In 2006 I reviewed for Perceptive Travel a somewhat academic book about the controversial practice of “sex pilgrimage”, traveling for the purpose of sexual adventure. I’m no proponent of behavior that often falls outside the bounds of a traveler’s own culture as well as severely straining mores at international destinations. I warned the assigning editor he probably had more optimistic reviewers in his stable of cutting-edge travel writers. But he couldn’t find anyone who wanted to be associated with the dense “history & how-to cum memoir”. Shipping it from Nashville, Tennessee to Istanbul was his best option.
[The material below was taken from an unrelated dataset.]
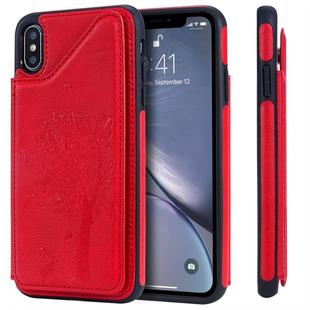 For iPhone XS Max Cat Tree Embossing Pattern Shockproof Protective Case with Card Slots & Photo Frame(Red)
Viewing the situation from the sex-toured Near East and my five years in South East Asia, it’s clear that one forgettable fling has the power to affect systems far larger than the person, family, village or region which witnessed and absorbed the behavior. Plus, the environment of sexual predation many Western women face overseas is bound to be heightened by the wanton choices of sex pilgrims. Travelers and expatriates like me strive to modulate our behavior to find social acceptance with native friends, families and colleagues, aware we must differentiate ourselves from sexual opportunists who don’t have to lie in the messy bed they’ve made.

Which cultural product are sex tourists exporting? Is the practice of hot-and-bothered globetrotters empirical evidence that Western culture is morally corrupt?